Em sua manifestação mais dura sobre a reforma do Código Florestal, as principais sociedades científicas brasileiras adjetivam partes do texto em análise como “injustificado” e “inconstitucional”. A Sociedade Brasileira para o Progresso da Ciência (SBPC) e a Academia Brasileira de Ciências (ABC) entregaram na semana passada a senadores propostas para embasar as mudanças na lei. Para elas, a ciência não foi levada em conta no relatório do deputado Aldo Rebelo (PC do B-SP), aprovado em maio no plenário da Câmara.

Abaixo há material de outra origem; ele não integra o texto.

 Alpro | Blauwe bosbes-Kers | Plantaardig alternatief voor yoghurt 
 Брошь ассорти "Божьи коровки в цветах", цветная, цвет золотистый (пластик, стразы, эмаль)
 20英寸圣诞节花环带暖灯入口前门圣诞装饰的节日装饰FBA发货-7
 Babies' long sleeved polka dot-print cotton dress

Entre as 18 assinaturas do documento há pesos-pesados como a antropóloga e Acadêmica Maria Manuela Ligeti Carneiro da Cunha, o Acadêmico Carlos Afonso Nobre, secretário de Pesquisa do Ministério da Ciência, Tecnologia e Inovação e Tatiana Sá, ex-diretora-executiva da Embrapa. Para eles, o maior entrave à expansão da agricultura não é a legislação ambiental, mas “a falta de adequação” da política agrícola do País.
Para os cientistas, um aumento marginal na produtividade pecuária – com medidas simples, como erguer cercas e fazer o manejo de pastos – liberaria 60 milhões de hectares para a agricultura. “Continua no Senado essa falácia de que não há espaço para preservar e produzir alimentos”, disse o Acadêmico Luiz Antonio Martinelli, da USP de Piracicaba. “Como é que eu vou dizer para a Europa não subsidiar sua agricultura quando a gente queima tudo sem nenhuma eficiência? É um tiro no pé.”

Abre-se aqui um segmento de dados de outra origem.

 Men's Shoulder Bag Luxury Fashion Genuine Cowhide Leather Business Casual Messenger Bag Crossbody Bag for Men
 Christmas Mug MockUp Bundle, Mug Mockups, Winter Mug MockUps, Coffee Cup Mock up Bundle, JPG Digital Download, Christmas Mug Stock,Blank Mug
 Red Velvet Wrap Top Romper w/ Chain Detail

As entidades também pedem que as APPs (áreas de preservação permanente), como margens de rios, sejam restauradas na íntegra, posição mais “ambientalista” que a do governo, que aceitou flexibilizar sua recomposição. Os cientistas exigem, ainda, que o Senado elimine do texto a menção à “área rural consolidada”, que permite regularizar atividades agropecuárias em APPs desmatadas até 22 de julho de 2008. Segundo eles, a Constituição diz que “não há direito adquirido na área ambiental”.

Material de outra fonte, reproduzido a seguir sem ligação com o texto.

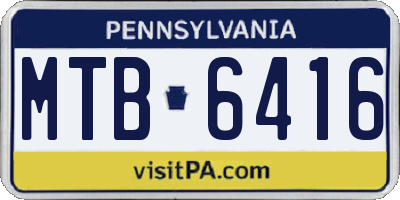PA license plate MTB6416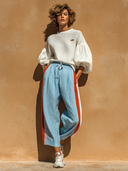 Women's Casual Top And Color-Block Wide-Leg Pants Two-Piece Set ZMZ0669H3XT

“Nosso livro anterior dava dados, mas não fazia afirmações tão contundentes”, disse Carneiro da Cunha, aludindo ao documento divulgado no semestre passado. Expoente da antropologia, a Acadêmica afirma que os senadores precisarão tratar um tema espinhoso sem acordo: a isenção de reserva legal para propriedades de até quatro módulos fiscais (medida equivalente a até 400 hectares na Amazônia). “Quatro módulos não é o mesmo que agricultura familiar. É uma pegadinha.” Ela diz esperar que o senador Luiz Henrique da Silveira (PMDB-SC), relator do código em três comissões, seja “persuadido por argumentos convincentes”.